Little correlation between pay, performance
Officials have blamed Wall Street's pay structure for making the financial crisis worse. Treasury Secretary Timothy Geithner said the compensation practices "encouraged excessive risk-taking." Lured by big bonuses, increasingly large numbers of bankers took risks that led the U.S. to the brink and a $700 billion government bailout for the industry.
Wall Street banks typically set aside more for compensation than other industries — about 50% of revenue to pay employees. However, the largest companies that make up the S&P 500 spend less than 22% of revenue on all indirect costs, which includes salaries, commissions and other overhead, according to a USA TODAY analysis of data from Standard & Poor's Capital IQ.
Bankers say they have to pay more to retain top talent. In Morgan Stanley's annual report, it says: "In order to attract and retain qualified employees, we must compensate such employees at market levels. Typically, those levels have caused employee compensation to be our greatest expense." The banks also say that pay is directly linked to performance and that if they don't retain qualified employees, performance could be affected.
However, studies have found that there is little correlation between pay and performance on Wall Street, and bankers win no matter which way the market goes. On July 30, New York Attorney General Andrew Cuomo released results of a nine-month investigation of the first nine banks that received bailouts from the government's Troubled Asset Relief Program (TARP). His report found that banks paid out bonuses even while running at a loss, and at those that did post positive income, annual bonuses exceeded the entire year's profit.

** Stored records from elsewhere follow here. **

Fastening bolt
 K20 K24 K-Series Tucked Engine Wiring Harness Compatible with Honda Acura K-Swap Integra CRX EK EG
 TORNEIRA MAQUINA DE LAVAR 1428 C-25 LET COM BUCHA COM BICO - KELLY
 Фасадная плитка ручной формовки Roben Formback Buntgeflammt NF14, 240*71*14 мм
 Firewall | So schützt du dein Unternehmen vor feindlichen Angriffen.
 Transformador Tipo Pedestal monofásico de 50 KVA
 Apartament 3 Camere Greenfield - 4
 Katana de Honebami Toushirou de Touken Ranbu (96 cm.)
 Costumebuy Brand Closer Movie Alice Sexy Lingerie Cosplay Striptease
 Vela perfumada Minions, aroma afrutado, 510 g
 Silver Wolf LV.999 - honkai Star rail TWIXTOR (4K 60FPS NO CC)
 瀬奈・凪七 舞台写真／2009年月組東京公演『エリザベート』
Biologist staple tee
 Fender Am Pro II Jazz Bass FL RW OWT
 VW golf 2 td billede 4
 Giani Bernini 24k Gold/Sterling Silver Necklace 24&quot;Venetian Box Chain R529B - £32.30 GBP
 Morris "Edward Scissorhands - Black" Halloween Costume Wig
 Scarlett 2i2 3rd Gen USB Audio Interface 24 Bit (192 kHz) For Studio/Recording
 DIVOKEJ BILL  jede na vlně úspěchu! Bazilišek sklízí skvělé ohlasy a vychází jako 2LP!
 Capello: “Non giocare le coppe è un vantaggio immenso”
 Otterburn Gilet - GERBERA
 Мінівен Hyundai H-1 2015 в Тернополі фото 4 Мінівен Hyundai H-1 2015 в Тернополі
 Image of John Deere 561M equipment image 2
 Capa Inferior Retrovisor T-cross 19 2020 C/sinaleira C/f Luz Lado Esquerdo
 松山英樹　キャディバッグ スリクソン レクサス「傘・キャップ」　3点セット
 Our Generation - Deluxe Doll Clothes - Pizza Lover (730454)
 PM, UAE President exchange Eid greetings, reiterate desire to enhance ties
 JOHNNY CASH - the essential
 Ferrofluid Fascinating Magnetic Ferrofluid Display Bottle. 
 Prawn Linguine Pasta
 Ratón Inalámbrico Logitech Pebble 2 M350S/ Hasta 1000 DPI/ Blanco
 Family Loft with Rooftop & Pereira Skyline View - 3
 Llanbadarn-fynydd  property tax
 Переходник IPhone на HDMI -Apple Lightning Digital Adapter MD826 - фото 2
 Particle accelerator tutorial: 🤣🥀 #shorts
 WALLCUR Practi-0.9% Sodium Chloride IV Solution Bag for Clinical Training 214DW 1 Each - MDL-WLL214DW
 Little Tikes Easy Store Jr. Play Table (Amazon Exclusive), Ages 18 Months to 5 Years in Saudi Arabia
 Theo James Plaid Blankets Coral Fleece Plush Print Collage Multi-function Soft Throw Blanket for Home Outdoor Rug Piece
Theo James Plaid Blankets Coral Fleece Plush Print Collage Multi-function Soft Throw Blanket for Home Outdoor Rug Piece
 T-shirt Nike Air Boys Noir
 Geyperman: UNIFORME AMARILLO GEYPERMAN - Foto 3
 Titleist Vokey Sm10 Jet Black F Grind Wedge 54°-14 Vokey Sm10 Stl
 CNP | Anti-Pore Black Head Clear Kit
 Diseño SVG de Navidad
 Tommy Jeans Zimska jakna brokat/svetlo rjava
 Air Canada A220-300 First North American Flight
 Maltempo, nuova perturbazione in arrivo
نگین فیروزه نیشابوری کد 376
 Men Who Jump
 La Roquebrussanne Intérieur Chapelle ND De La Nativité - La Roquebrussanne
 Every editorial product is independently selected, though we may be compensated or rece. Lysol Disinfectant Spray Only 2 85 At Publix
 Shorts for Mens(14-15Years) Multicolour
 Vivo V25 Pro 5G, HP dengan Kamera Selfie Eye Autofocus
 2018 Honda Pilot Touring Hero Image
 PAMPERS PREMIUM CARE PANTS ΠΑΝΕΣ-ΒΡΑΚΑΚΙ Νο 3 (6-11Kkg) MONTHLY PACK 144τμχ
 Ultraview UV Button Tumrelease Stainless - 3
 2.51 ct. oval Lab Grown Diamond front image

At Citigroup, despite the $27.68 billion in losses last year, the bank paid out $5.33 billion in bonuses, of which about 738 employees each received $1 million or more. JPMorgan earned $5.6 billion in the year and paid out $8.69 billion in bonuses. The bank also had more seven-figure earners than any of its competitors — 1,148 employees received $1 million or more. Goldman earned $2.3 billion and paid out $4.8 billion in bonuses, with 212 employees earning $3 million or more.
Cuomo says his analysis makes it clear that "there is no clear rhyme or reason to the way banks compensate and reward their employees. ... Compensation for bank employees has become unmoored from the banks' financial performance."
Throughout this year, there have been plenty of other revelations about Wall Street excesses. One example that only seemed to get uglier as more details emerged was what happened at Merrill Lynch before and after it was forced to sell itself to Bank of America to avoid collapse.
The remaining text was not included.